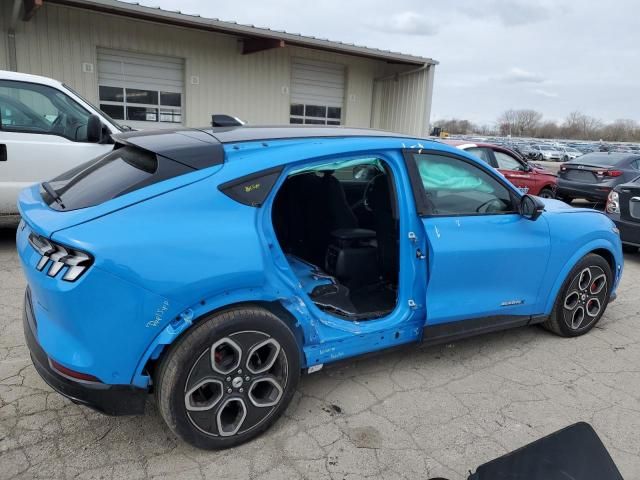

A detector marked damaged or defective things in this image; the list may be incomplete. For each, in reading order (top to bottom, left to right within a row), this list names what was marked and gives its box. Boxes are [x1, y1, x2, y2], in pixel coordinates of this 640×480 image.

cracked asphalt [1, 226, 640, 480]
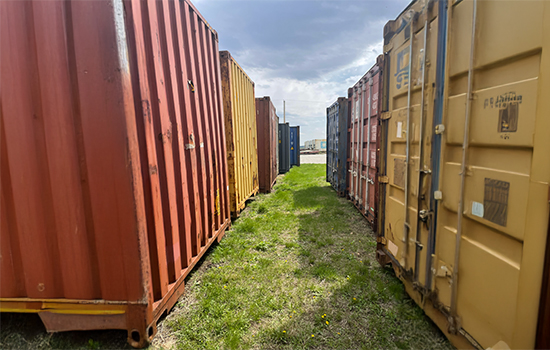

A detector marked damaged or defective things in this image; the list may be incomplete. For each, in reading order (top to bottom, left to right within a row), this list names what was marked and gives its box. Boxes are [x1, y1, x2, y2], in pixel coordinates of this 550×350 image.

rusty container [0, 0, 231, 348]
rusty container [220, 51, 260, 217]
rusty container [256, 97, 278, 193]
rusty container [328, 98, 350, 197]
rusty container [350, 56, 384, 231]
rusty container [380, 1, 550, 348]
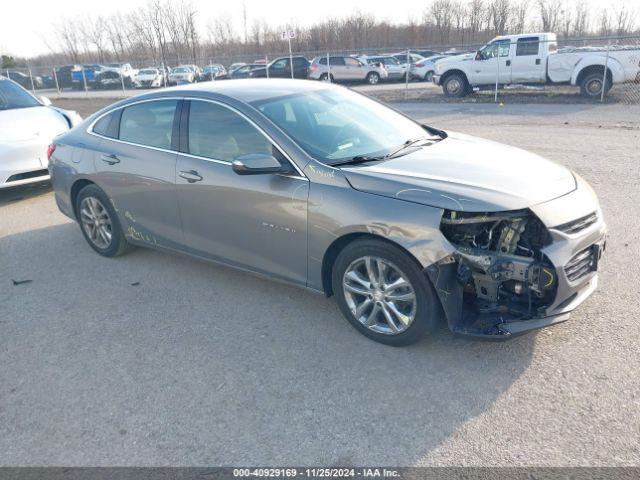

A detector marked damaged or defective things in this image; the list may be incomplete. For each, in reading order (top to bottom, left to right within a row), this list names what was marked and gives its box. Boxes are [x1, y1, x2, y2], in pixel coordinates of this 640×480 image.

damaged chevrolet malibu [48, 79, 604, 344]
broken headlight area [430, 209, 560, 338]
crushed front end [428, 202, 608, 338]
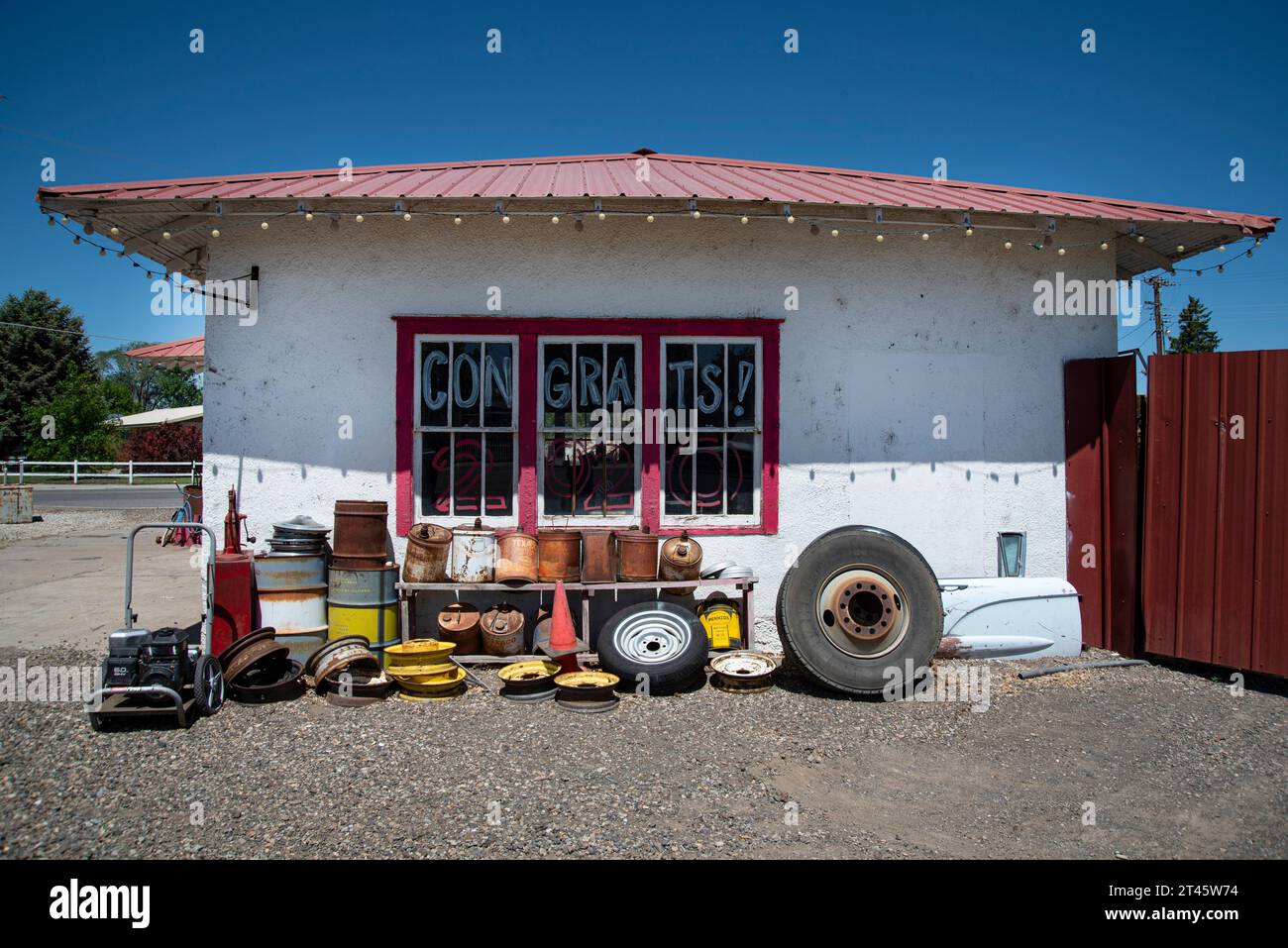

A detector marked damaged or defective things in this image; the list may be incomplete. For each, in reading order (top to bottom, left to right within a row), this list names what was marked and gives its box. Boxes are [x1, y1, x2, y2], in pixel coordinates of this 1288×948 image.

rusted metal barrel [329, 499, 384, 567]
rusty oil drum [331, 499, 386, 567]
rusty fuel can [331, 499, 386, 567]
rusted metal barrel [400, 523, 452, 582]
rusty oil drum [400, 523, 452, 582]
rusty fuel can [400, 523, 452, 582]
rusty fuel can [450, 519, 493, 586]
rusted metal barrel [450, 519, 493, 586]
rusty fuel can [491, 531, 531, 586]
rusted metal barrel [491, 531, 531, 586]
rusty oil drum [489, 531, 535, 586]
rusty oil drum [535, 531, 579, 582]
rusted metal barrel [535, 531, 579, 582]
rusty fuel can [535, 531, 579, 582]
rusty fuel can [579, 531, 614, 582]
rusty oil drum [579, 531, 614, 586]
rusted metal barrel [579, 531, 614, 586]
rusty oil drum [610, 523, 654, 582]
rusty fuel can [610, 523, 654, 582]
rusted metal barrel [614, 527, 658, 579]
rusty fuel can [662, 531, 701, 594]
rusted metal barrel [662, 531, 701, 594]
rusty oil drum [662, 531, 701, 594]
rusted metal barrel [254, 551, 329, 662]
rusted metal barrel [327, 563, 396, 666]
rusty oil drum [327, 567, 396, 662]
rusty oil drum [438, 602, 483, 654]
rusty fuel can [438, 602, 483, 654]
rusted metal barrel [438, 602, 483, 654]
rusted metal barrel [480, 602, 523, 654]
rusty oil drum [480, 602, 523, 654]
rusty fuel can [480, 602, 523, 654]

◆ ◆ ◆

Exercise details
Each line from the one with "this 1288×948 image." through the last line of the material is to be retyped exactly, and no other line is.

Response to this exercise
A detector marked damaged or defective things in this image; the list may be incomplete. For each, in reading order (top to bottom, left to right within a row), this list names what was marked and gives its box. Boxes are [x1, y1, x2, y2], in pixel coordinates of this 1288×948 image.

rusted metal barrel [329, 499, 384, 567]
rusty oil drum [331, 499, 386, 567]
rusty fuel can [331, 499, 386, 567]
rusted metal barrel [400, 523, 452, 582]
rusty oil drum [400, 523, 452, 582]
rusty fuel can [400, 523, 452, 582]
rusty fuel can [450, 519, 493, 586]
rusted metal barrel [450, 519, 493, 586]
rusty fuel can [491, 531, 531, 586]
rusted metal barrel [491, 531, 531, 586]
rusty oil drum [489, 531, 535, 586]
rusty oil drum [535, 531, 579, 582]
rusted metal barrel [535, 531, 579, 582]
rusty fuel can [535, 531, 579, 582]
rusty fuel can [579, 531, 614, 582]
rusty oil drum [579, 531, 614, 586]
rusted metal barrel [579, 531, 614, 586]
rusty oil drum [610, 523, 654, 582]
rusty fuel can [610, 523, 654, 582]
rusted metal barrel [614, 527, 658, 579]
rusty fuel can [662, 531, 701, 594]
rusted metal barrel [662, 531, 701, 594]
rusty oil drum [662, 531, 701, 594]
rusted metal barrel [254, 551, 329, 662]
rusted metal barrel [327, 563, 396, 666]
rusty oil drum [327, 567, 396, 662]
rusty oil drum [438, 602, 483, 654]
rusty fuel can [438, 602, 483, 654]
rusted metal barrel [438, 602, 483, 654]
rusted metal barrel [480, 602, 523, 654]
rusty oil drum [480, 602, 523, 654]
rusty fuel can [480, 602, 523, 654]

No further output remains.